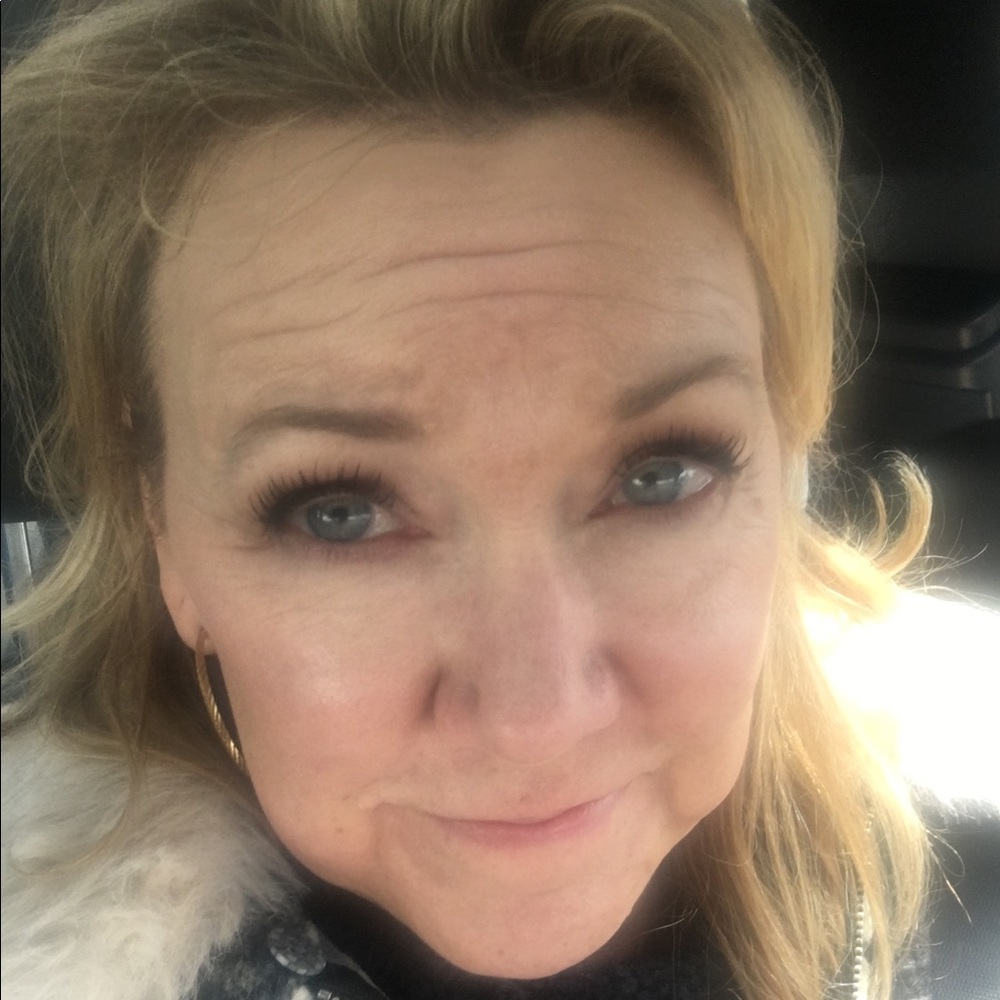 Meet your Posher, Darcy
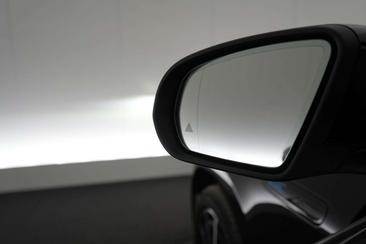 Mercedes EQC 400 AMG Line — photo 33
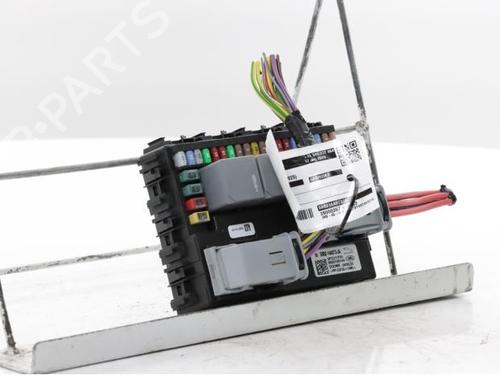 Fuse box LAND ROVER DEFENDER Station Wagon (L663) P300 Si4 4x4 | BP40588807E1 - Image 10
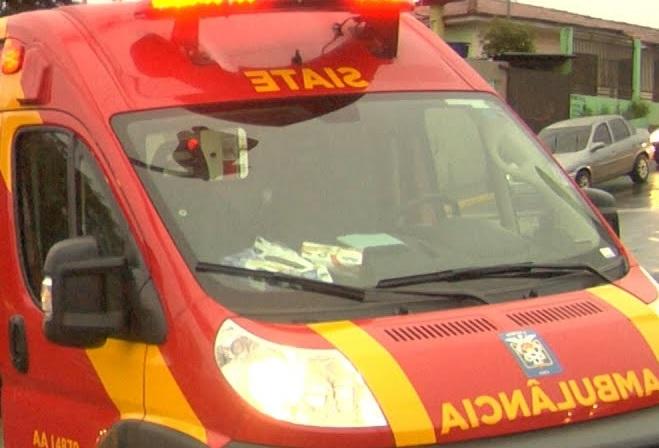 Mulher fica ferida após colidir carro contra o muro da Universidade Federal em Apucarana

====

Leaving out the pictures, repeat the data above exactly.

# Exercise answer:
 Meet your Posher, Darcy
 Mercedes EQC 400 AMG Line — photo 33
 Fuse box LAND ROVER DEFENDER Station Wagon (L663) P300 Si4 4x4 | BP40588807E1 - Image 10
 Mulher fica ferida após colidir carro contra o muro da Universidade Federal em Apucarana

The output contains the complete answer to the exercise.